Due to the stochastic nature of MCMC sampling, the results depicted in this notebook might differ slightly numerically from the values reported in the paper.

This notebook can sample the traces (this takes long) or load them from disk.

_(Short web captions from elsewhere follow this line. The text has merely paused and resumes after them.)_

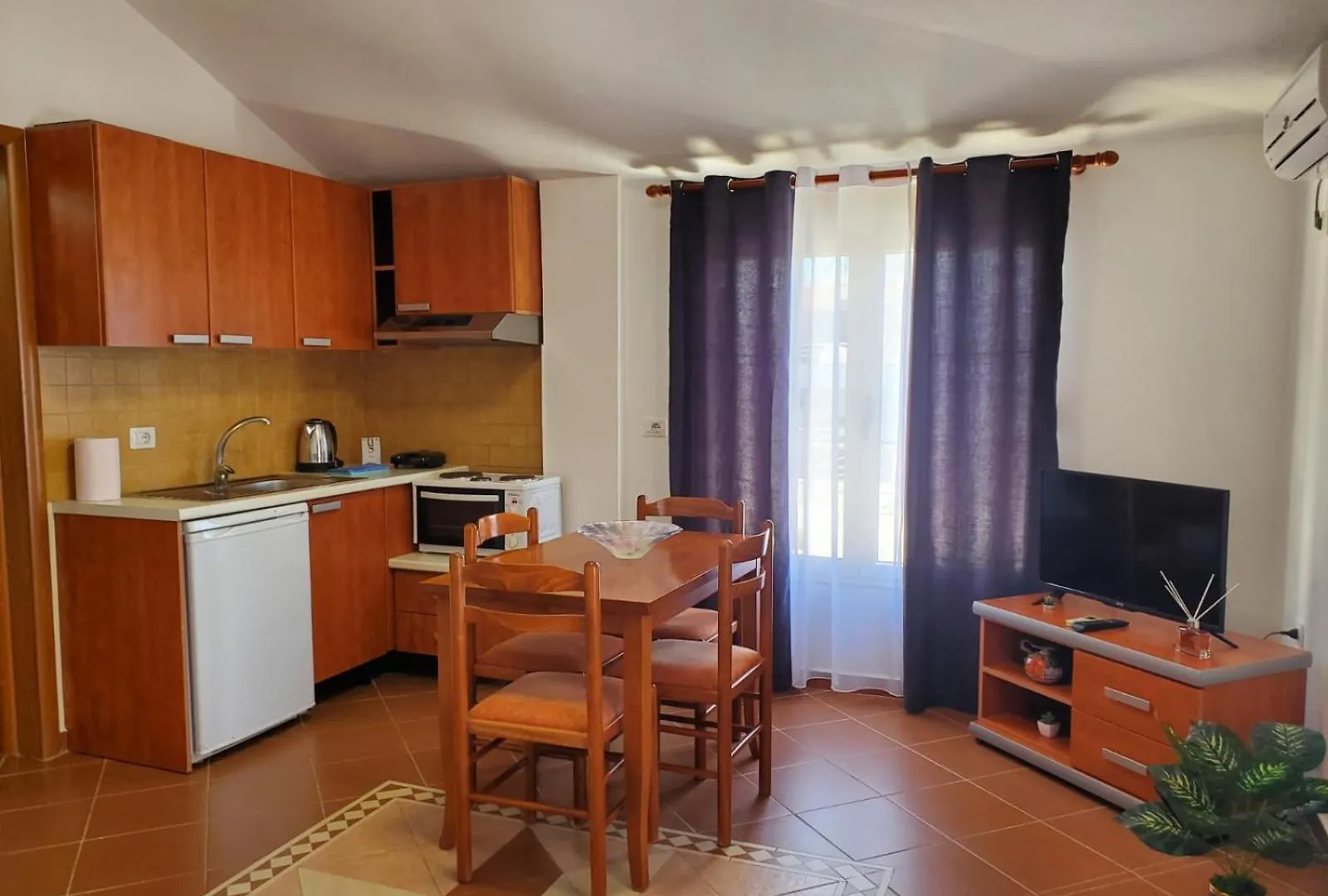 Summer Gate Apartment Aparthotel Sarandë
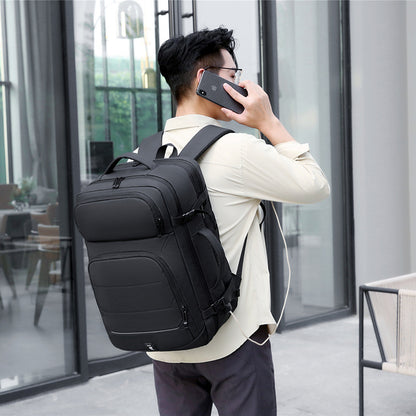 Business Backpack for 17" Laptop - Versatile Travel Bag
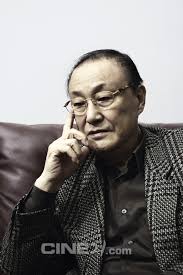 외삼촌은 유동근, 숙모는 전인화로 배우 집안에서 자란 것으로 알려있다. ìœ¤ì¼ë´‰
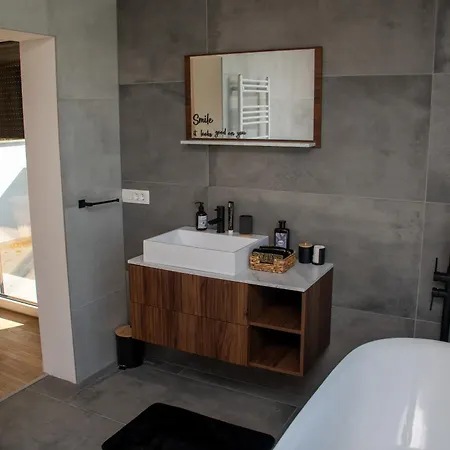 Altura- Luxury Hiltop Retreat With Panoramic View & Teracce *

You can download our traces from **TODO** and copy them in the traces/ subfolder.

### Imports:

In [1]:
import pandas as pd
import seaborn as sns
import pymc as pm
import aesara.tensor as at
import arviz as az
%matplotlib notebook
from matplotlib.pylab import plt
import os.path
import numpy as np
from numpy import mean


# Colors for visualizations:
palette = {'learning' : ["#a6cee3", "#1f78b4"],
           'search' :  ["#b2df8a", "#33a02c", "#999999"]} 

### Select experimental task
Decide which experimental task (learning or search task) you would like to load for fitting the learning curve.

In [2]:
#experiment = 'learning' 
experiment = 'search'
group = 'tool_vehicle_group'
#group = 'fruit_vegetable_group'

### Load data

In [3]:
data = pd.read_csv('data/Dataset_Learning_Curve_Model.csv')
data = data[data['task'] == experiment]
data = data[data['group'] == group]

display(data)

Unnamed: 0.1,Unnamed: 0,participant_number,block_number,condition,RT,group,task
40214,40214,1,0,distractor_absent,675.0,tool_vehicle_group,search
40215,40215,1,0,nonpredictive_distractors,718.0,tool_vehicle_group,search
40216,40216,1,0,predictive_distractors,1045.0,tool_vehicle_group,search
40217,40217,1,0,distractor_absent,629.0,tool_vehicle_group,search
40218,40218,1,0,predictive_distractors,713.0,tool_vehicle_group,search
...,...,...,...,...,...,...,...
54834,54834,50,3,predictive_distractors,544.9,tool_vehicle_group,search
54835,54835,50,3,nonpredictive_distractors,712.0,tool_vehicle_group,search
54836,54836,50,3,distractor_absent,585.0,tool_vehicle_group,search
54837,54837,50,3,nonpredictive_distractors,392.4,tool_vehicle_group,search


### Data preprocessing

Define arrays

In [4]:
block_number = data['block_number'].values+1 # since the block number starts with 0
participant_idx, participants  = pd.factorize(data['participant_number'])
conditions = ['distractor_absent', 'nonpredictive_distractors', 'predictive_distractors']
condition_idx = [conditions.index(e) for e in data['condition']]
n_participant_idx = len(participants)
n_condition_idx = len(conditions)

Convert response times to seconds

In [5]:
RTS = data['RT']  / 1000.0

### Define the learning curve

In [6]:
def learning_curve(s, a, x, c):
    return (a + (s - a) * (x) ** (-c))

### Define the models

The function below can return the learing curve model allowing for condition-dependent effects in $a$, $c$, or both.

In [7]:
with pm.Model() as model:

    s_mu = pm.Normal('s_mu', 1.8, 1, shape=n_condition_idx)
    s_eff_σ_dist =  pm.HalfCauchy.dist(1, shape=n_condition_idx) 
    s_col, _, s_sd = pm.LKJCholeskyCov('s_col_cov', n=n_condition_idx, eta=1, sd_dist=s_eff_σ_dist, compute_corr=True)
    s_effs_raw = pm.Normal('s_effect_raw', mu=0, sigma=1, shape=(n_participant_idx,n_condition_idx))
    s_effs = pm.Deterministic('s_effs', at.dot(s_col, s_effs_raw.T).T)
    s = pm.Deterministic('s', pm.math.exp(s_mu + s_effs))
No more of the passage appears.